◆ **Work to complete**
Exactly repeat all the records below, omitting the images they hold.

◆ **Data to process**
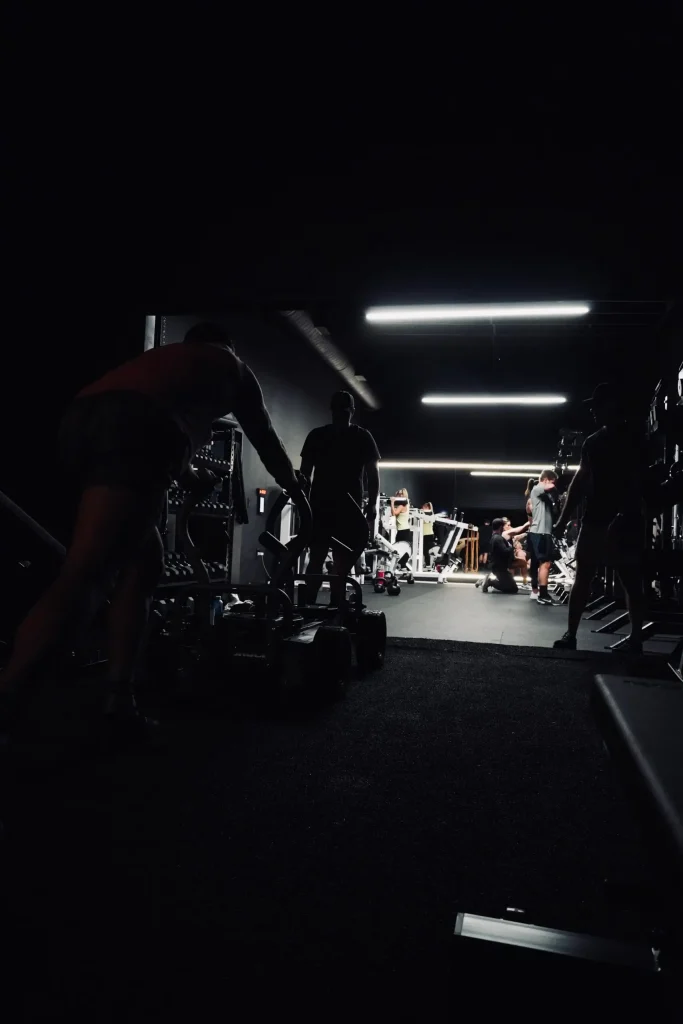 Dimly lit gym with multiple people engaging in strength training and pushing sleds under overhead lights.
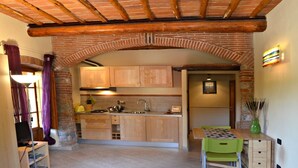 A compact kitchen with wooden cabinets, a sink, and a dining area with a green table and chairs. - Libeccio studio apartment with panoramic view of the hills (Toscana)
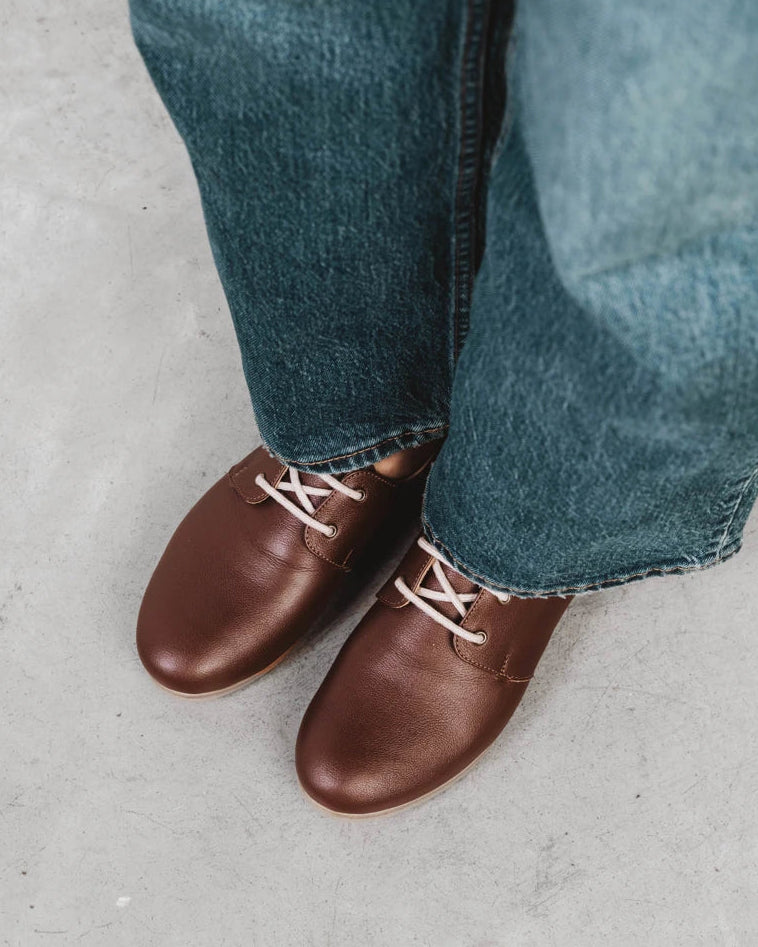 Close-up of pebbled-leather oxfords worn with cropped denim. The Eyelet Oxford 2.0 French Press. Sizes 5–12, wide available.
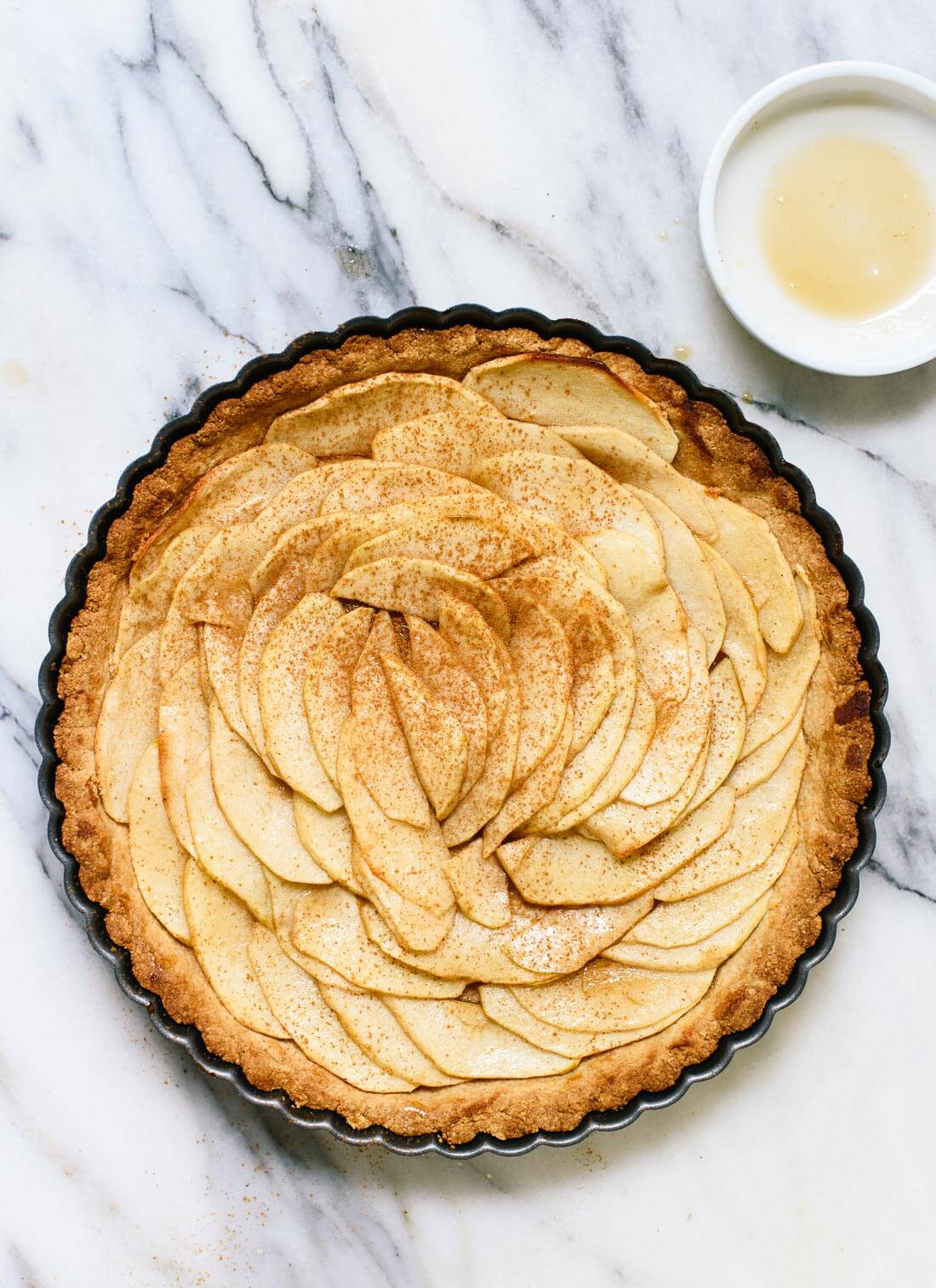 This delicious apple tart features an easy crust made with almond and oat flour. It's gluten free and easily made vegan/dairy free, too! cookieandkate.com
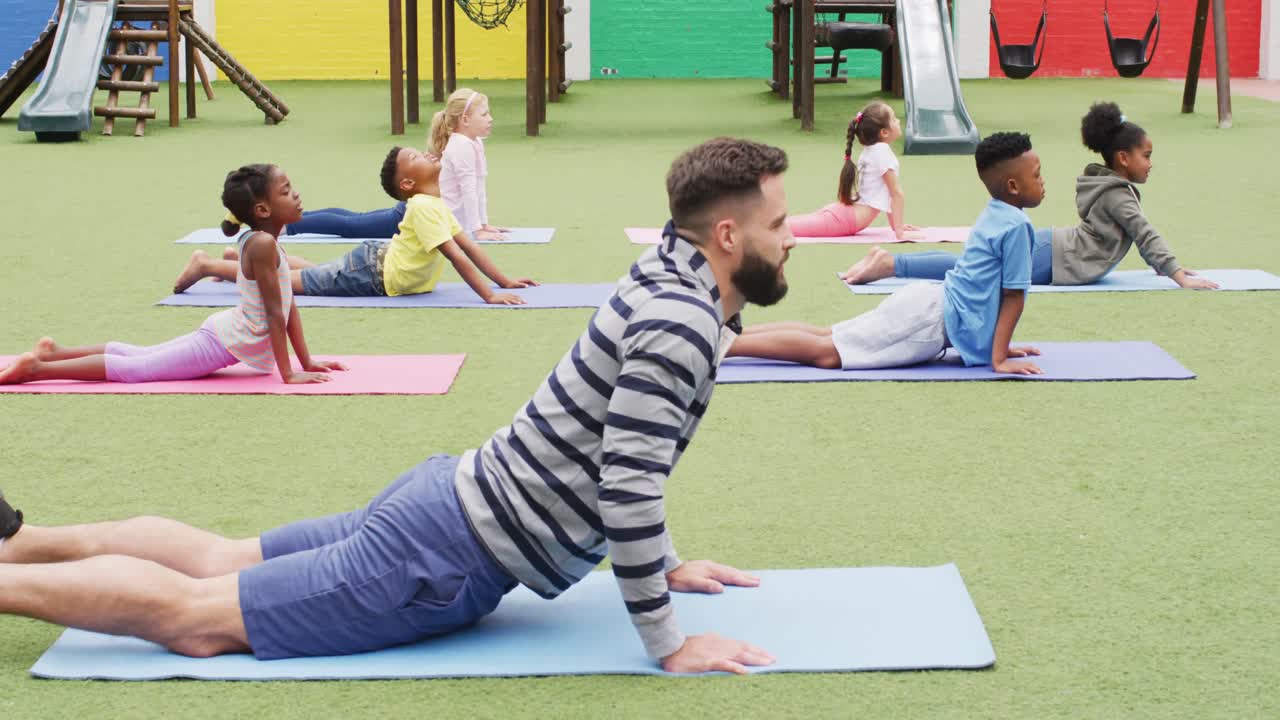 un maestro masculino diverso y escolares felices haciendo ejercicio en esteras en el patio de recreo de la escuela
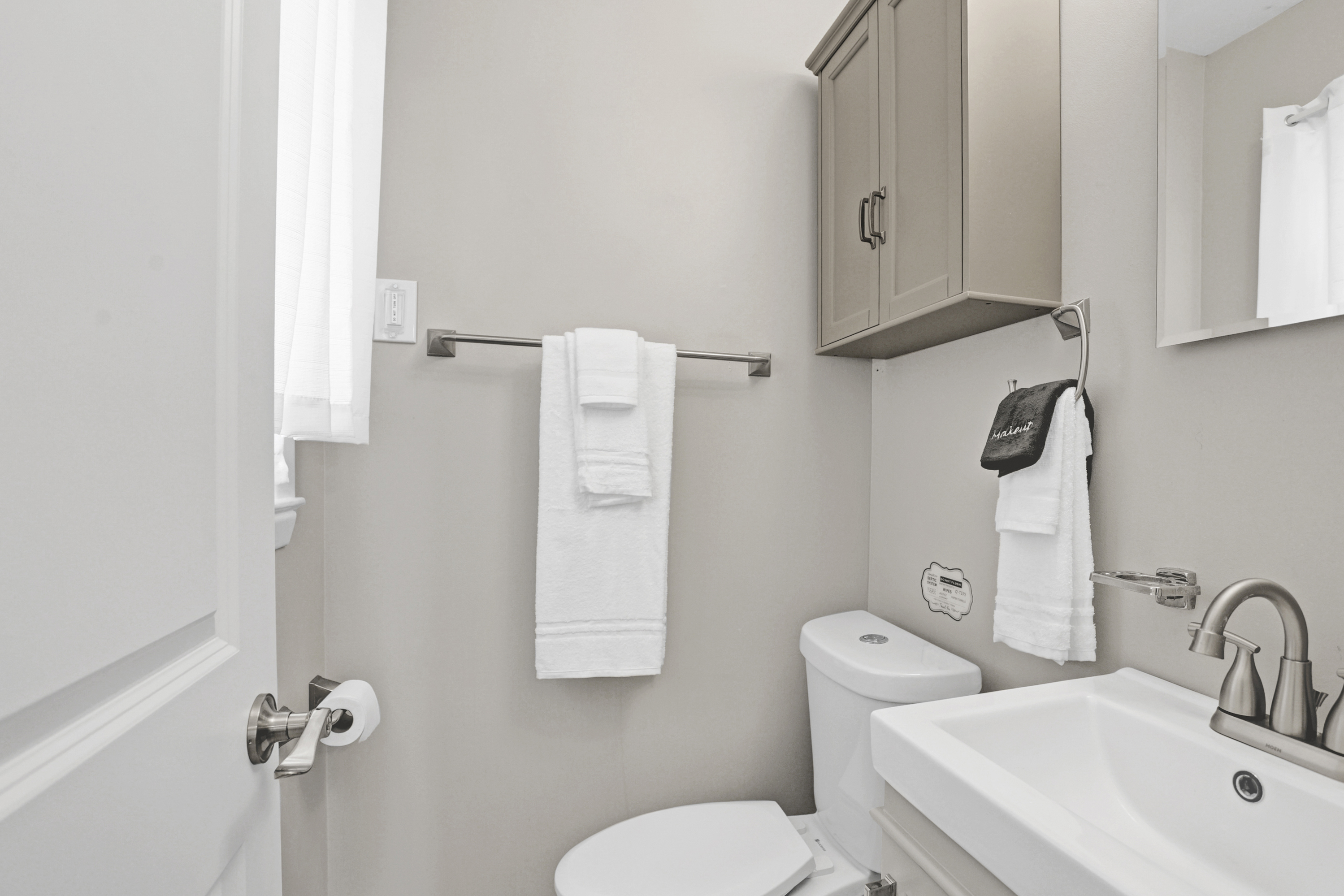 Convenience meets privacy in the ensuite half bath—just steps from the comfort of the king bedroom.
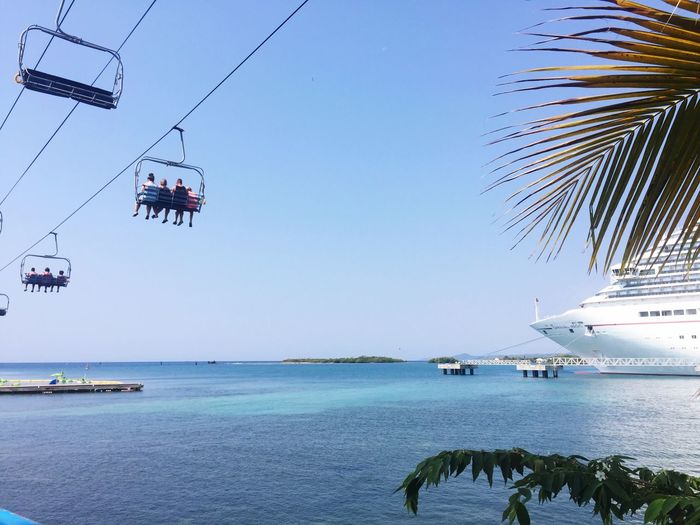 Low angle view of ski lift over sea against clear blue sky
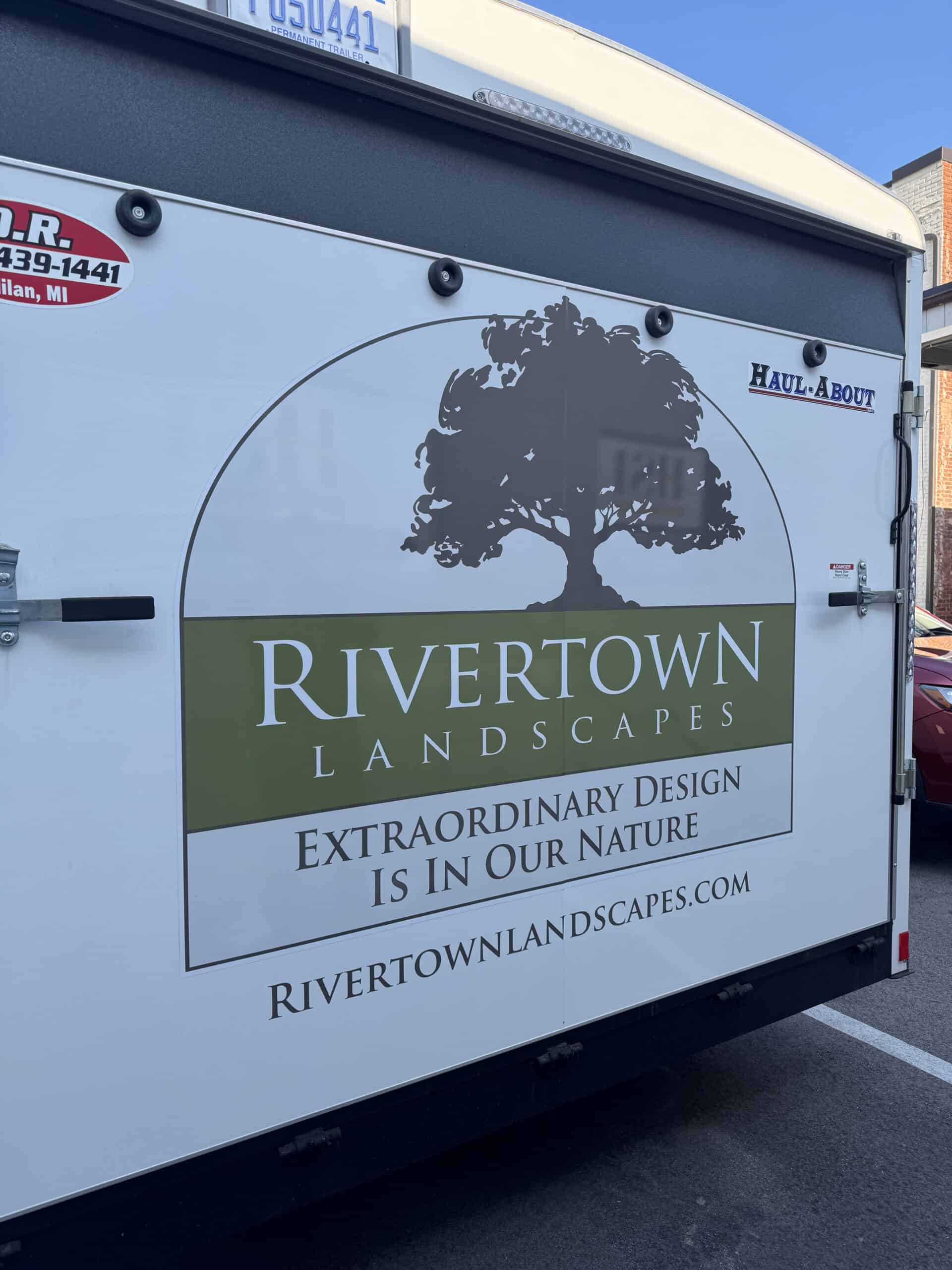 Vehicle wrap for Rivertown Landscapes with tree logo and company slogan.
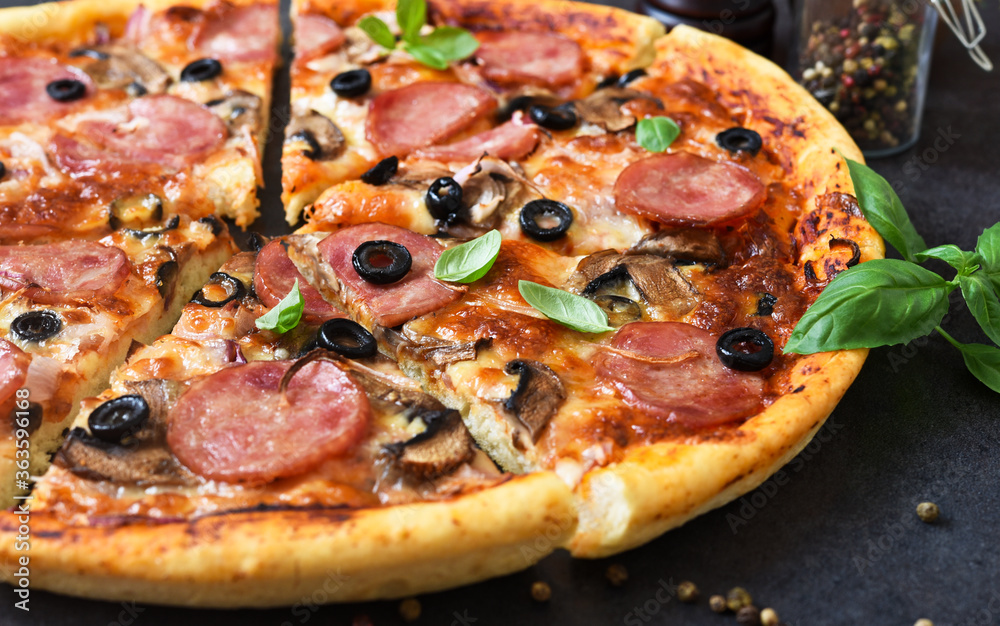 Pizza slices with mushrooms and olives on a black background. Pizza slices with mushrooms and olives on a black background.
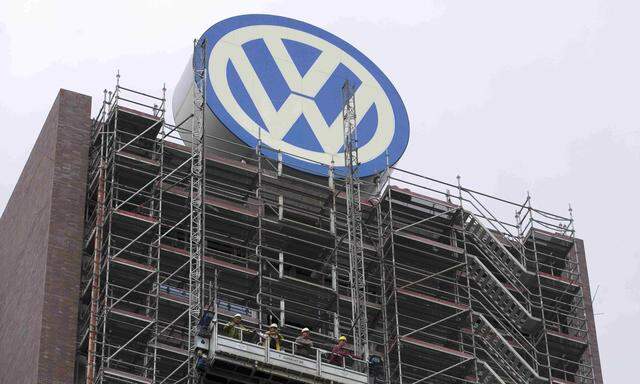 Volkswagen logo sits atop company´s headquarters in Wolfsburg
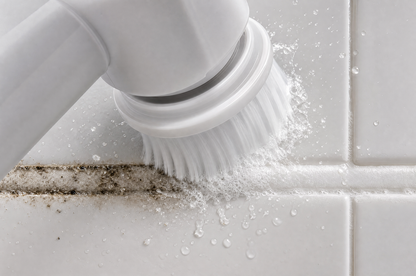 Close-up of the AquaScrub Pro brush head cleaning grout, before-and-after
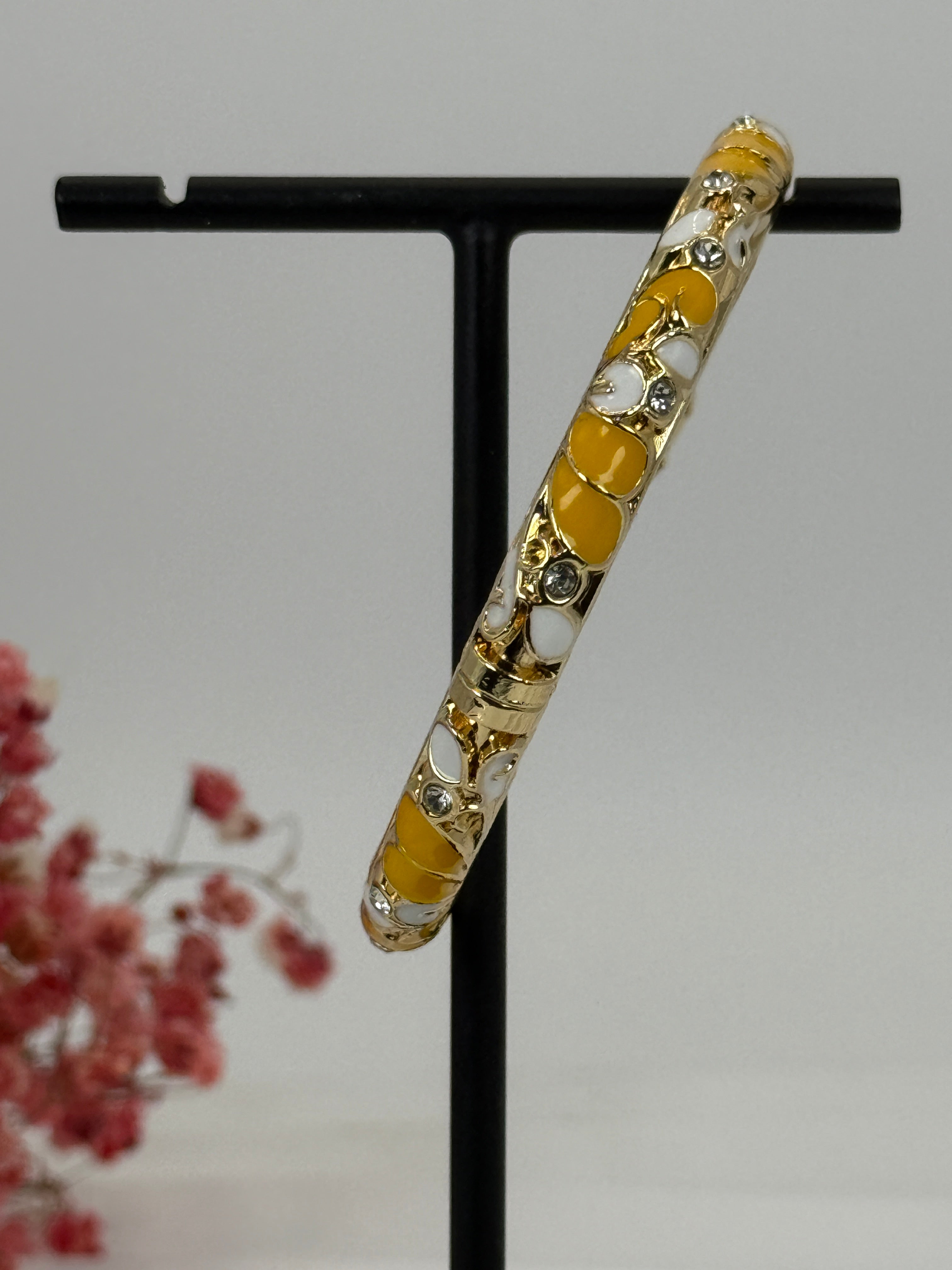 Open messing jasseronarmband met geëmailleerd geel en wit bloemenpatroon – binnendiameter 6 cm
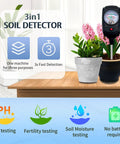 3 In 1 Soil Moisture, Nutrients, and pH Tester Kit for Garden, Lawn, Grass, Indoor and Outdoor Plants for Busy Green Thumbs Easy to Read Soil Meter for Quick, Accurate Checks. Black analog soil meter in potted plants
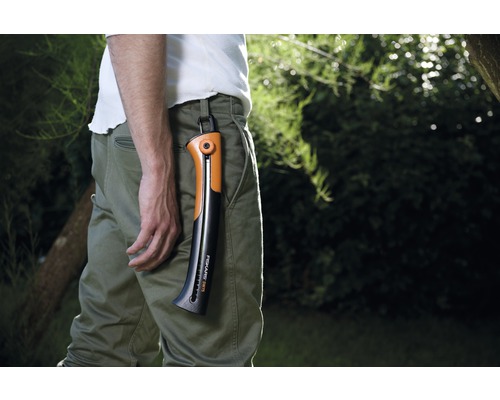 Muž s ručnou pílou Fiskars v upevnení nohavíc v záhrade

◆ **Answer for this exercise**
 Dimly lit gym with multiple people engaging in strength training and pushing sleds under overhead lights.
 A compact kitchen with wooden cabinets, a sink, and a dining area with a green table and chairs. - Libeccio studio apartment with panoramic view of the hills (Toscana)
 Close-up of pebbled-leather oxfords worn with cropped denim. The Eyelet Oxford 2.0 French Press. Sizes 5–12, wide available.
 This delicious apple tart features an easy crust made with almond and oat flour. It's gluten free and easily made vegan/dairy free, too! cookieandkate.com
 un maestro masculino diverso y escolares felices haciendo ejercicio en esteras en el patio de recreo de la escuela
 Convenience meets privacy in the ensuite half bath—just steps from the comfort of the king bedroom.
 Low angle view of ski lift over sea against clear blue sky
 Vehicle wrap for Rivertown Landscapes with tree logo and company slogan.
 Pizza slices with mushrooms and olives on a black background. Pizza slices with mushrooms and olives on a black background.
 Volkswagen logo sits atop company´s headquarters in Wolfsburg
 Close-up of the AquaScrub Pro brush head cleaning grout, before-and-after
 Open messing jasseronarmband met geëmailleerd geel en wit bloemenpatroon – binnendiameter 6 cm
 3 In 1 Soil Moisture, Nutrients, and pH Tester Kit for Garden, Lawn, Grass, Indoor and Outdoor Plants for Busy Green Thumbs Easy to Read Soil Meter for Quick, Accurate Checks. Black analog soil meter in potted plants
 Muž s ručnou pílou Fiskars v upevnení nohavíc v záhrade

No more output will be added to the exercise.